A key to Malkin’s struggles in the final: a drop in the Russian’s shot generation. He had 3.85 shots per game against the Tampa Bay Lightning in the conference final, but has managed only eight shots in three games (2.67) against the Sharks.
“We’re playing against good defencemen,” said Malkin, who has not scored since Game 4 of the Tampa series. “They play so close and so tight. Tough to shoot sometimes … need to shoot more for sure, need to find a way to shoot. When you shoot, you feel so much better because if you not shoot you not score.”
Malkin, of course, is not the only sleeping giant in the series.
San Jose’s Joe Pavelski, who leads the post-season with 13 goals, has been held pointless in the final, while Joe Thornton, Logan Couture and Brent Burns are still searching for their first goal.
“There’s been a lot of plays where it’s been almost there and they get a stick on it,” said Pavelski. “We’re creating some chances. It’s just that end result hasn’t been there.”
Sharks head coach Peter DeBoer added that this time of year is difficult for all the star players.
“Those guys get a lot of attention. Every round, he’s getting a lot of attention,” DeBoer said of Pavelski,” just like Brent Burns is getting a lot of attention, just like Jumbo (Thornton) is getting a lot of attention. That’s not an easy role to play. I have no doubt he’s going to break through here. He has all year for us. It’s just a matter of time.”
KARLSSON FILLS IN WELL
Tomas Hertl, who missed Game 3 with a lower-body injury, remains day to day.
But after winning without the 22-year-old forward, the Sharks are confident they can do the same in Game 4.
“I think it went alright,” said Pavelski, who along with Thornton were joined on a line with Melker Karlsson (although Couture replaced Hertl at times).
“(Karlsson) made some great plays, created some energy and got in on the forecheck. All the things that when we have played with (Karlsson), that’s what he’s done. I think it was fine.”
MURRAY’S FINE: SULLIVAN
A day after the Sharks “got to” goaltender Matt Murray, scoring three goals, Penguins head coach Mike Sullivan was asked if he was concerned about the 22-year-old’s psyche — especially after Joel Ward scored a questionable goal to tie the game in the third period.
“He’ll be fine,” said Sullivan. “The one thing we love about him is his makeup and his ability to move by circumstances that maybe aren’t what he had hoped they’d be, and just focus on the next game or the next save.
“I think Matt, that’s one of his strengths.

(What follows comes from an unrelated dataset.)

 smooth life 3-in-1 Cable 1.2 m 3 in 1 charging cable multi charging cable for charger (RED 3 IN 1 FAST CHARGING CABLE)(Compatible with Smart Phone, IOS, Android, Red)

His body of work throughout the course of this playoffs has been terrific. We know he’s going to make the timely save for us moving forward.
“I know Matt will respond the right way.”
PENALTIES TRENDING DOWN
It appears the referees have put away their whistles. There were three penalties called in Game 3 — none in the final 20 minutes — and only three in Game 2.

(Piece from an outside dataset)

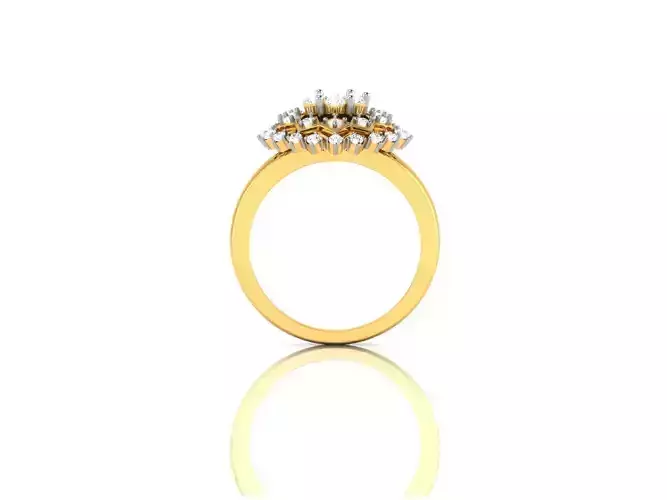 Round Gold Engagement Ring With Diamonds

It’s a trend Sullivan expects to continue.
“Well, I think there are less penalties called,” said Sullivan. “It just seems like that’s the trend in the playoffs. You usually don’t get a lot of opportunities on the power play. If you have a chance to make it work, that’s great.”
LOGISTICAL NIGHTMARE IN SJ
For a team that has waited 25 years to play in the Cup final, you would think the Sharks would be a little more prepared for all that goes into hosting.
But from not having enough space in the press box to scheduling practices for the teams at two different arenas, covering the final has been a logistical nightmare.
On Sunday, reporters were rushed out of their work space immediately after DeBoer’s news conference because someone booked a birthday party in the same space.